Zdobyte szczyty
Zdobyte szczyty
Łysica - Góry Świętokrzyskie (612 m), Tarnica - Bieszczady (1346 m), Lackowa - Beskid Niski (997 m), Radziejowa (1262 m), Wysoka - Pieniny (1050 m), Lubomir - Beskid Makowski (904 m), Turbacz - Gorce (1310 m), Mogielica - Beskid Wyspowy (1170 m), Czupel - Beskid Mały (933 m), Skrzyczne - Beskid Śląski 1257 m); Biskupia Kopa - Góry Opawskie (889 m).
Po zdobyciu w czwartek Czupla i Skrzycznego (patrz ramka pod zdjęciem), wczoraj bydgoscy podróżnicy przejechali kolejne kilometry podczas trwającej już tydzień wyprawy.
- Skrzyczne zdobyliśmy wieczorem w czwartek - mówi Darek. - Trasa była bardzo trudna, pionowa, bo niebieski szlak, którym szliśmy, dwukrotnie przecina trasę narciarską i jest najzwyczajniej stromo.
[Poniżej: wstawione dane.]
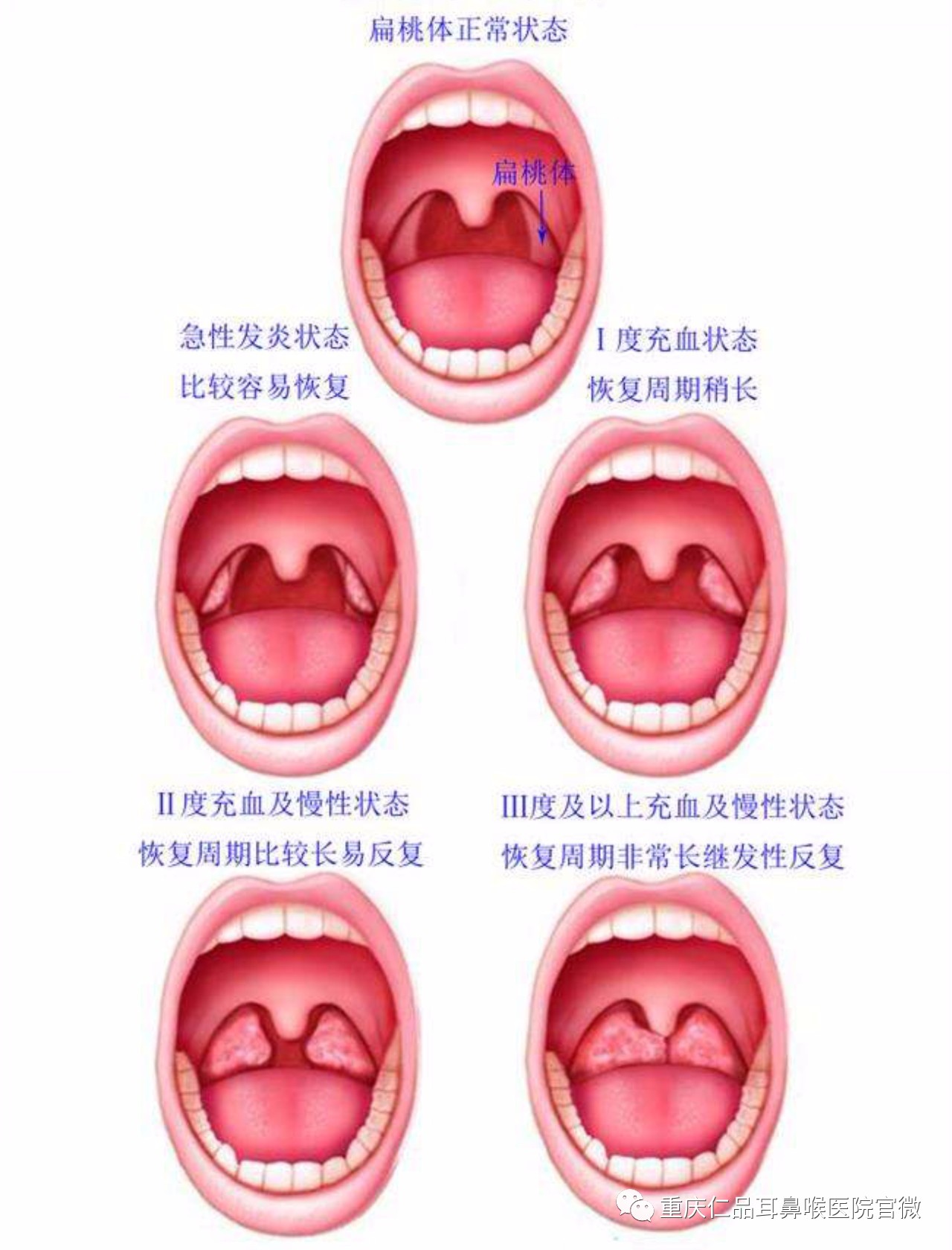 扁桃体反复发炎、肿大，孩子经常感冒、高烧不退！是割还是留？90%家长都可能选错-西南儿童康复医院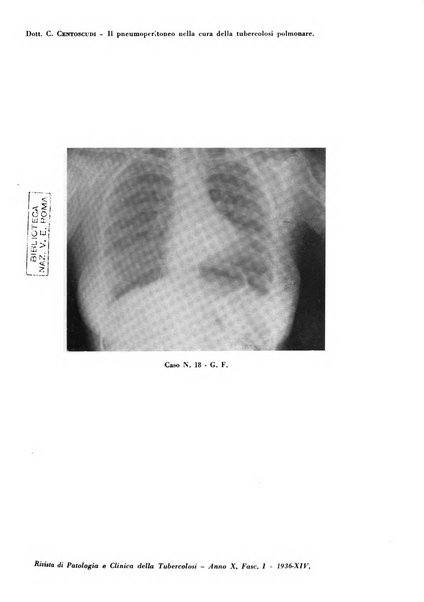 Rivista di patologia e clinica della tubercolosi organo ufficiale della Società italiana fascista di studi scientifici sulla tubercolosi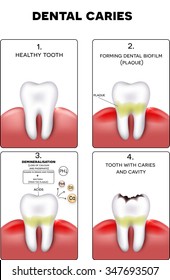 Dental caries formation, dental plaque, loss of calcium, phosphate and finally caries and cavity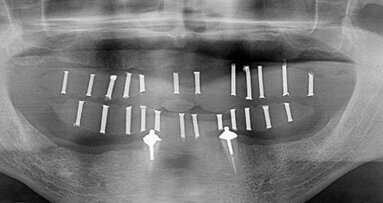 CBCT applications in dental practice: A literature review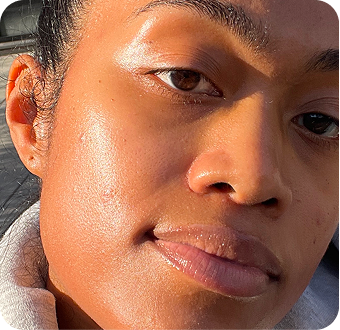 Hi Skin story 12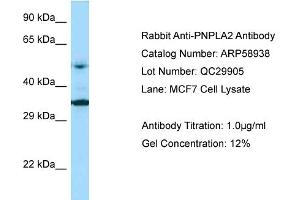 Western Blotting (WB) image for anti-Patatin-Like phospholipase Domain Containing 2 (PNPLA2) (Middle Region) antibody (ABIN2787884) (PNPLA2 antibody  (Middle Region))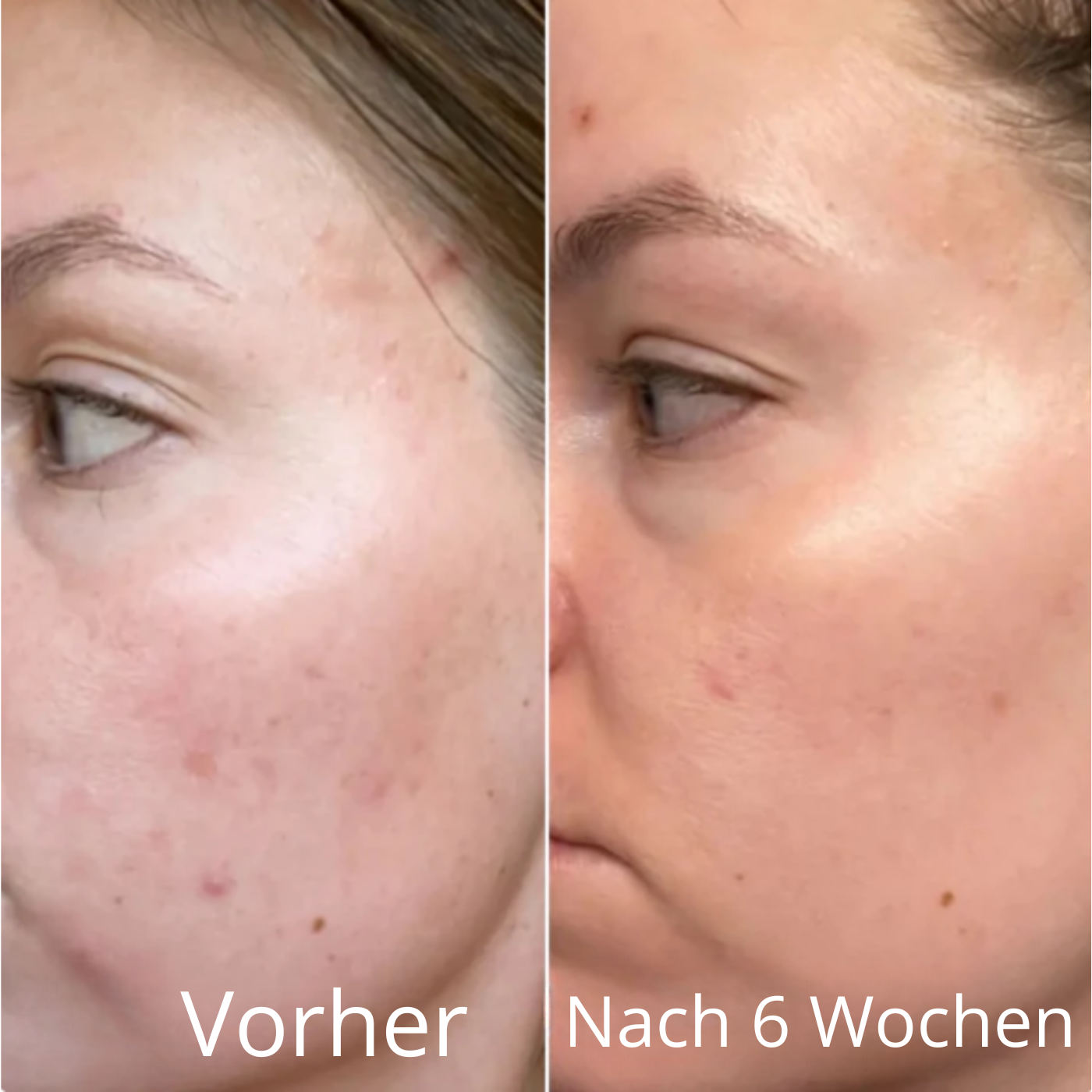 PDRN Peptide Pink Serum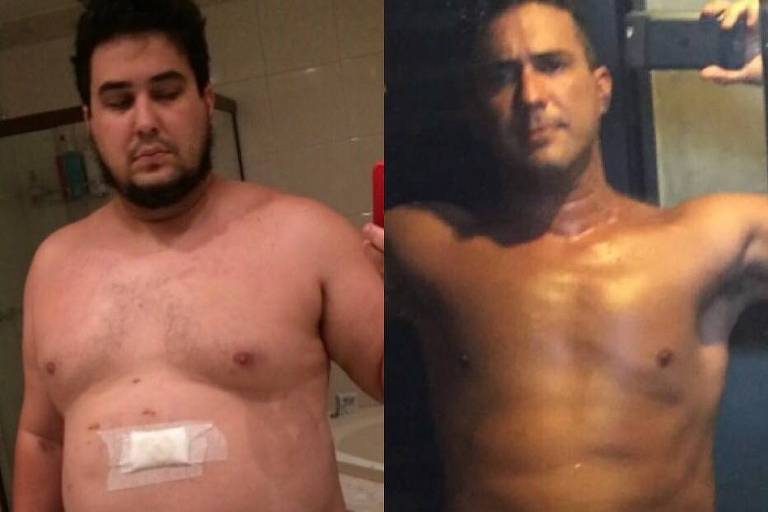 Ator e apresentador André Marques posta antes e depois de cirurgia feita há cinco anos
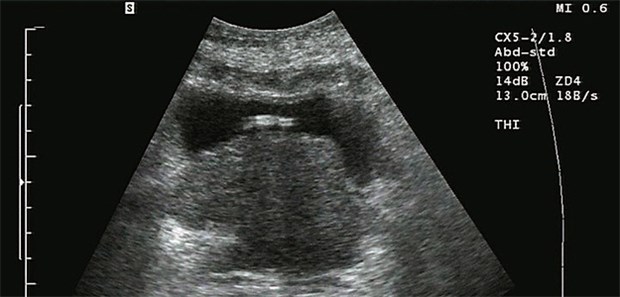 Auffälliger Geneffekt in jungen Jahren Prostata-Ca im Ultraschall. Junge Männer haben signifikant mehr genetische Varianten als ältere.
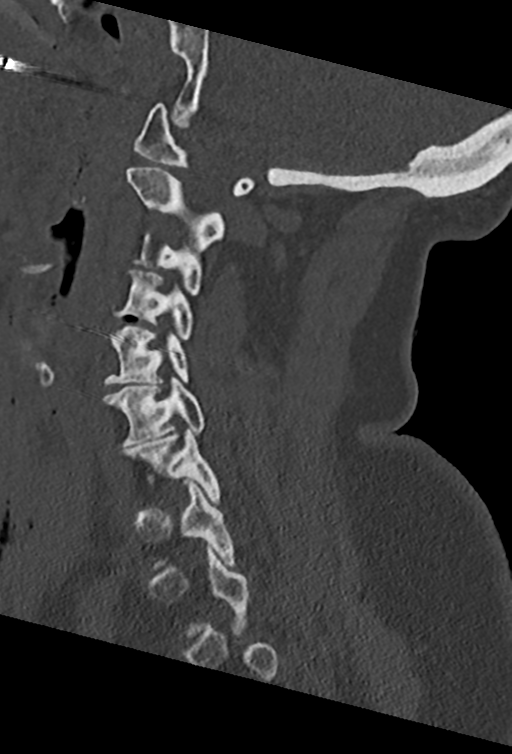 Cervical spine ACDF loosening (Radiopaedia 48998-54070 Sagittal bone window 36).png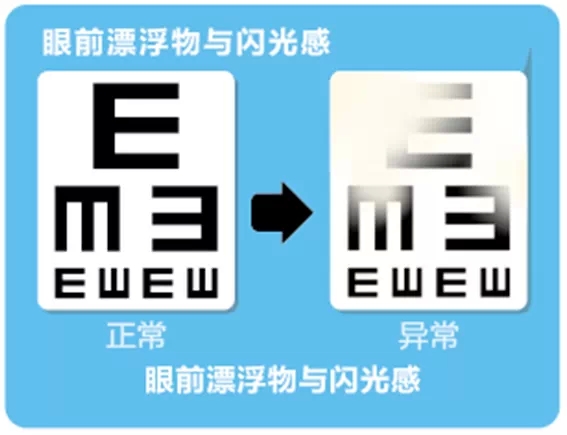 視網(wǎng)膜脫離啥癥狀？這張圖告訴你！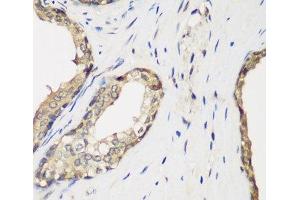 Immunohistochemistry (Paraffin-embedded Sections) (IHC (p)) image for anti-Methyltransferase Like 7A (METTL7A) antibody (ABIN7264251)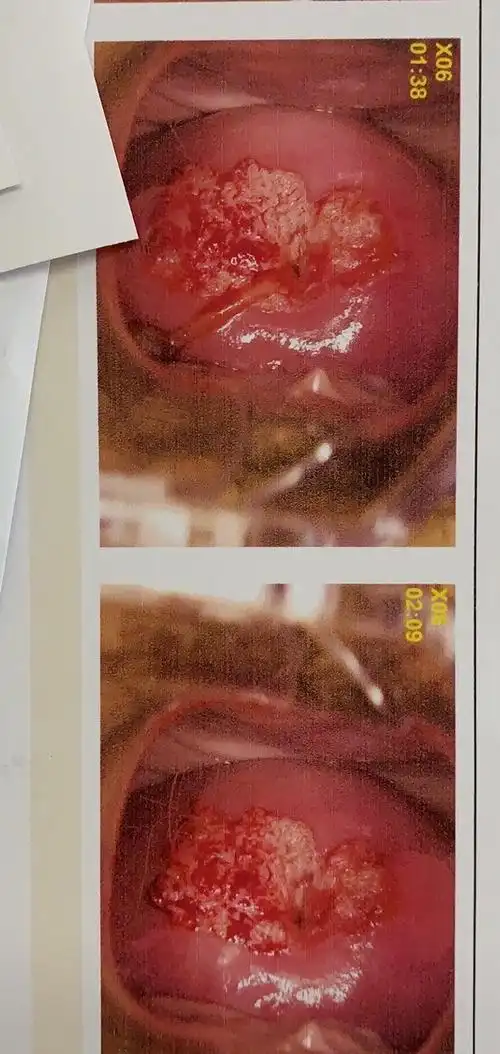 hpv6已阴道镜,活检cin1,有中重度糜烂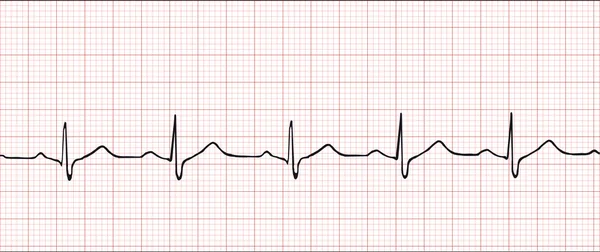 Электронная кардиограмма — стоковый вектор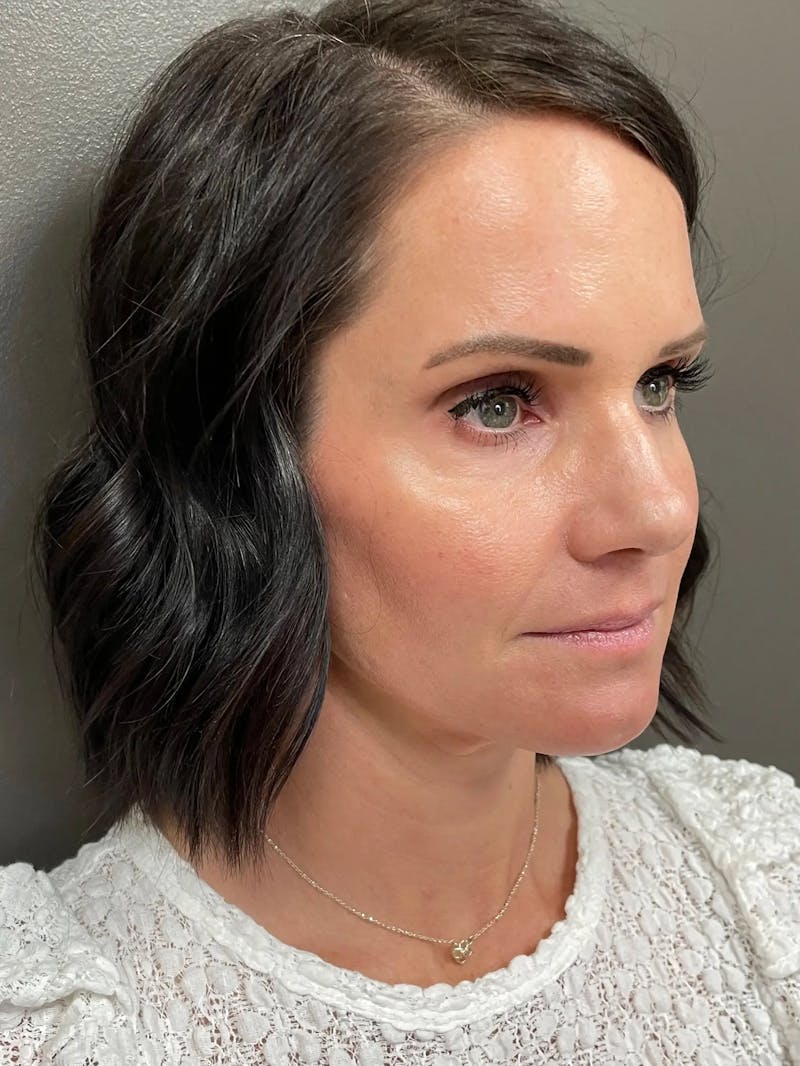 Full Face Rejuvenation Before & After Gallery - Patient 950662 - Image 4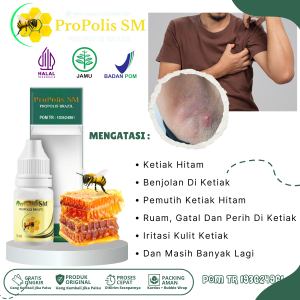 Obat Ketiak Hitam Pemutih Keriak Hitam Benjolan Di Ketiak Bisul Di Ketiak Ruam Merah Gatal Dan Perih Di Ketiak Iritasi Kulit Ketiak Dengan ProPolis SM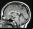 Cómo se comporta el cerebro ante los estímulos violentos Cómo se comporta el cerebro ante los estímulos violentos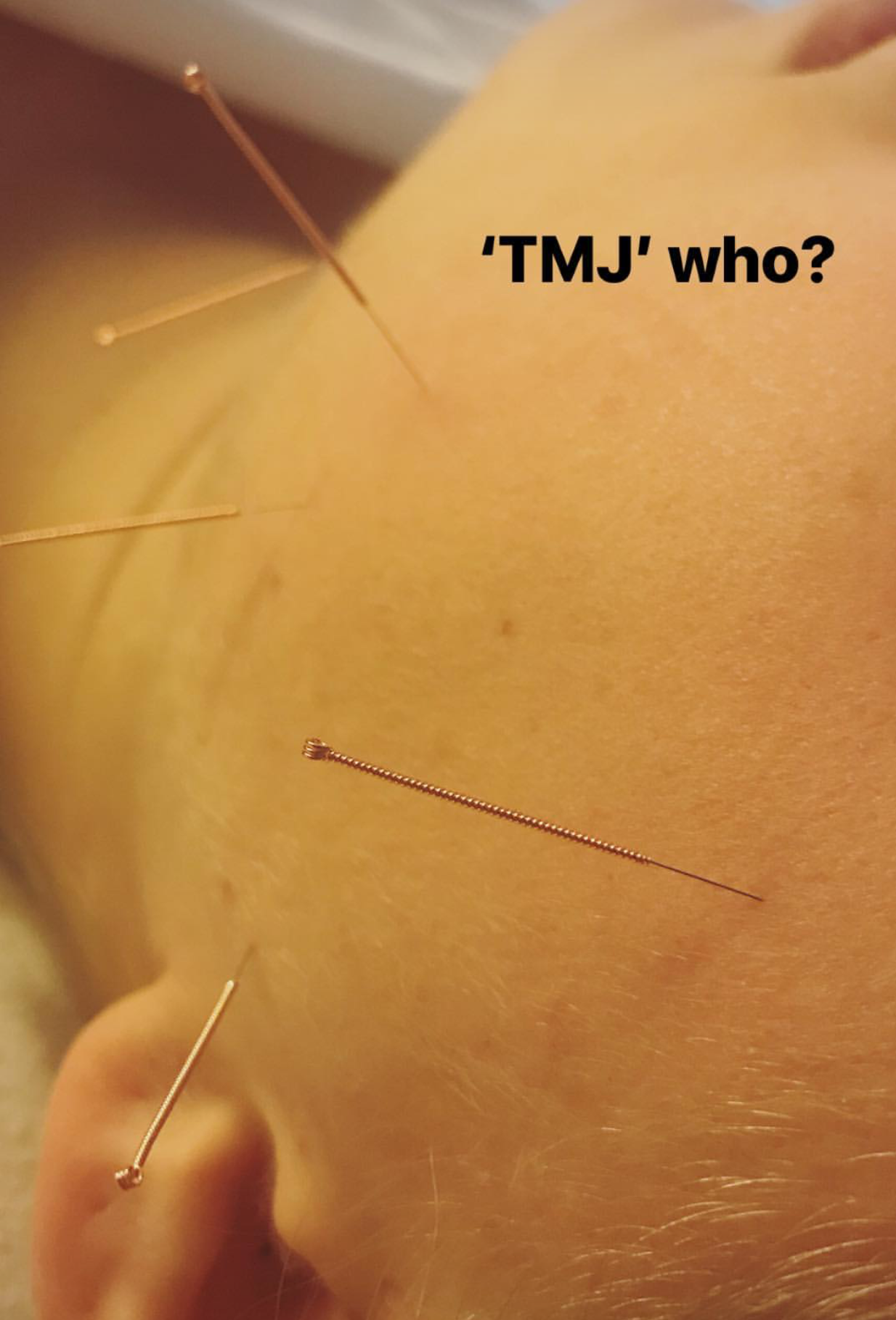  Acupuncture treatments based in Vancouver used to treat Temporomandibular Joint pain  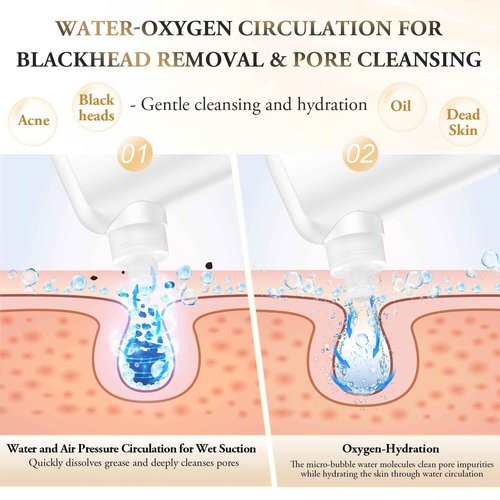 ANLAN Blackhead Remover for Face – Pore Extractor Vacuum with Microbubble Cleaning Blackhead Extractor Tools with 3 Suction Levels Acne Pimple Extractor Kit for Nose Face & T-Zone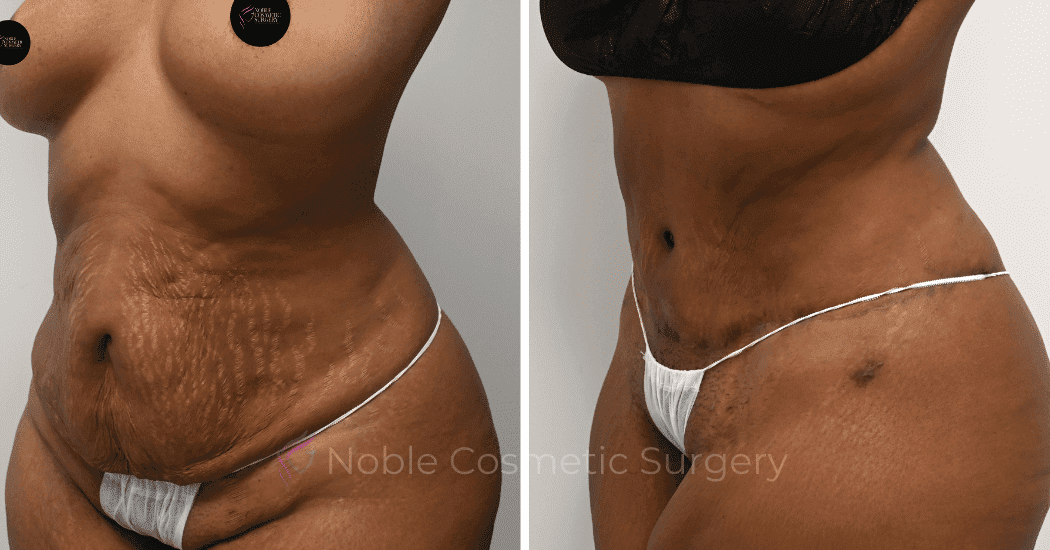TUMMY-TUCK-CASE-14814 | Before and After Abdominoplasty 3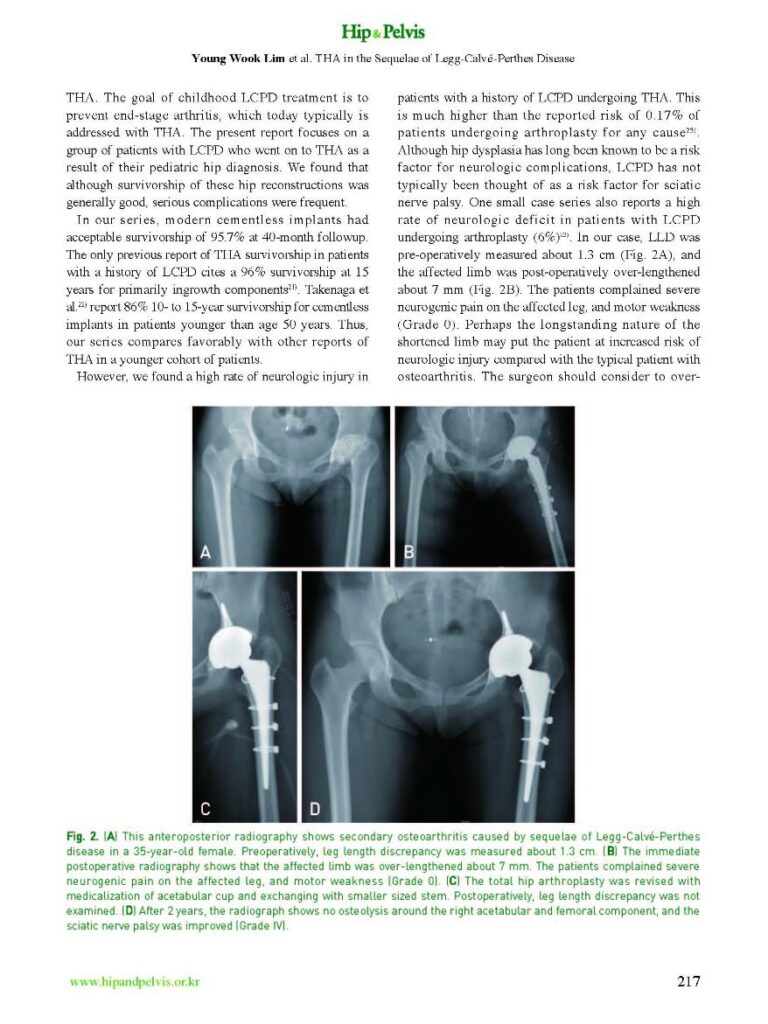 YW Lim et al., THA in Patient with the Sequelae of Legg-Calve-Perthes Disease, Hip&Pelvis, 2014 - page 4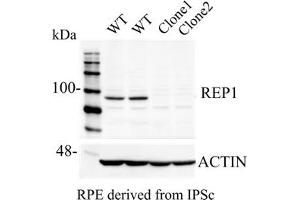 Western Blotting (WB) image for anti-Choroideremia (Rab Escort Protein 1) (CHM) (C-Term) antibody (ABIN6254222) (CHM antibody  (C-Term))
Szliśmy 3 godziny po ciemku, w schronisku zjedliśmy coś ciepłego i po 23 zameldowaliśmy się przy samochodzie. Po ok. 100 kilometrach jazdy w Góry Opawskie spędziliśmy noc w aucie i w piątek już bez większych problemów zaliczyliśmy do południa Biskupią Kopę. Jest tu ładna wieża widokowa, niestety, w tym okresie zamknięta. Jesteśmy teraz w drodze (rozmawialiśmy ok. 16.00 - red.) na Góry Bardzkie i Bialskie, gdzie czekają na nas Góra Kłodzka, Rudawiec i Kowadło. Drugie podejście ma ponad 8 kilometrów, więc zobaczymy jak nam pójdzie, bo w sobotę chcielibyśmy podjechać po południu pod Masyw Śnieżnika, gdzie najwyższym szczytem jest Śnieżnik Kłodzki. Noc z piątku na sobotę spędzimy w namiocie lub samochodzie.
- Jak z pogodą w Tatrach, gdzie czekają na was "opuszczone" na razie Rysy? - Nie śledzimy teraz na bieżąco pogody. Nie ma sensu teraz wracać. Robimy dalej wszystko według planu, a za dwa, trzy dni zastanowimy się co zrobić.